Miller lives on Long Island and often flies home for shorter breaks.

“I would definitely take advantage of it even if I'm just going to the airport or I just need a ride back to campus,” Miller said.

Uber would also be an opportunity for students to earn extra cash.

In order to be an Uber driver in Buffalo, one must be 21 or older, have a four-door car that is a 2011 or newer, in-state auto insurance with the driver’s name on the policy, an in-state driver license, a social security number, in-state plates and must pass a background check and driving record check. Since Buffalo would be a new location, there are other requirements that may be put into effect.

Officials were also concerned with the safety of the service and the background checks that are conducted for drivers.

Karen Ullman, a senior media studies major, would use Uber if it were in Buffalo.

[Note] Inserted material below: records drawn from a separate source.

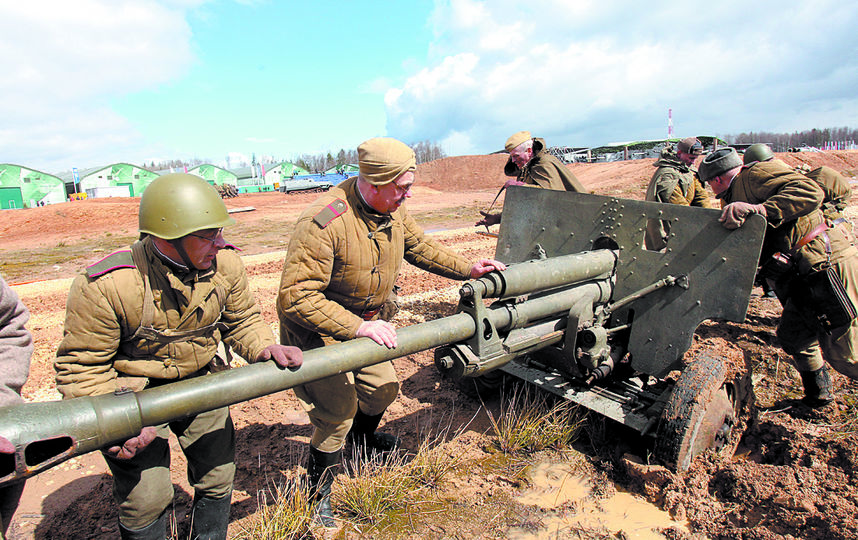 Под Москвой снова взяли штурмом Рейхстаг. Фото Василий Кузьмичёнок., "Metro"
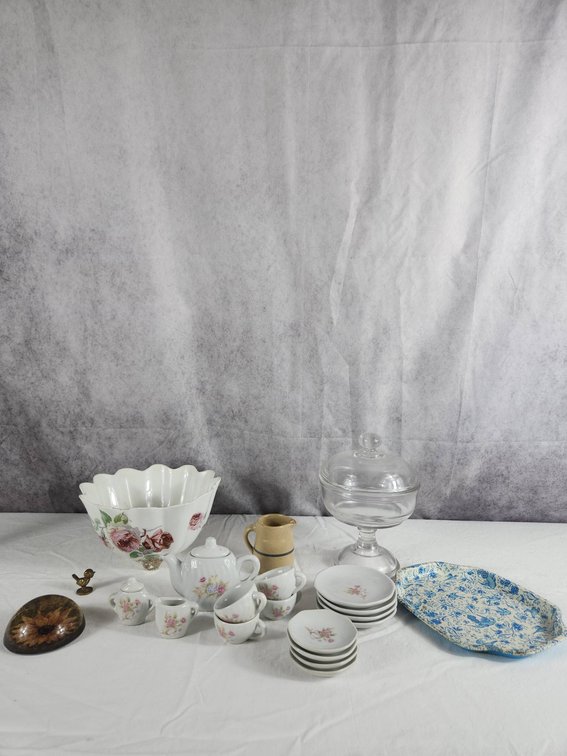 Lot: Tea Set, Compote, Brass Duck, More
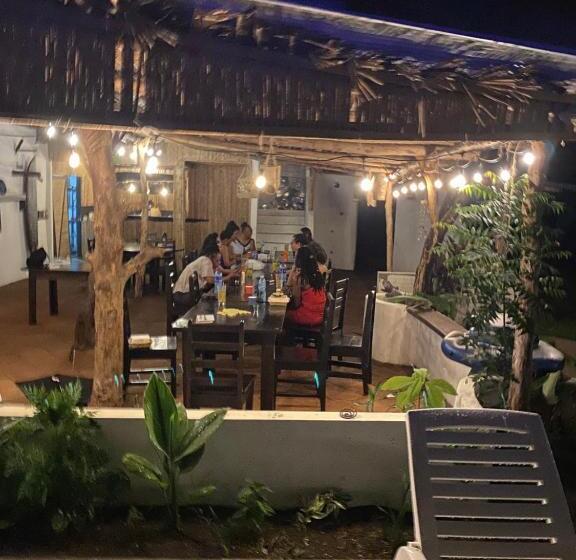 Отель Hibiscus Garden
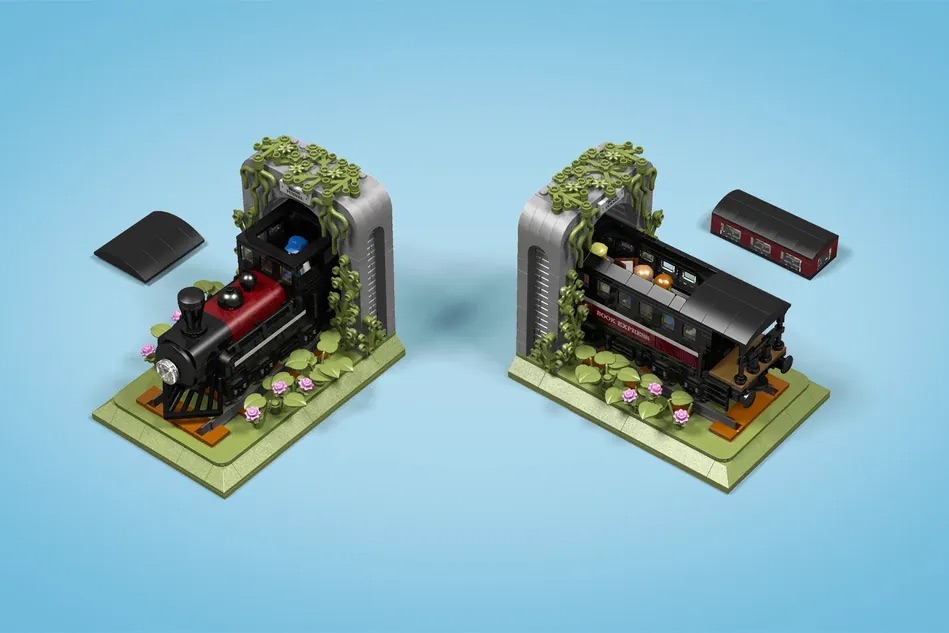 LEGO Ideas Train Bookends 9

She said she’s not worried about the drivers and would prefer the ride-hailing service to a cab.

“Cabs are way too expensive and can be a pain to call for later in the night,” Ullman said. “I used to live out by New York City and Uber was such a lifesaver, as you could see the general rate before you send for it whereas with a cab, you never really know. I’ve had friends who’ve been in poor situations with Uber drivers and were reimbursed because the customer service is so accommodating.”

Ian Carson, a senior economics major, thinks that cabs can be unreliable and expensive, especially since Liberty Cab has such a large place in the market.

“I’ve used Uber before and they’re general much friendlier than cab drivers, probably because a lot of them do it for extra cash or they’re choosing their own hours,” Carson said. “So it’s not sketchy at all to me.”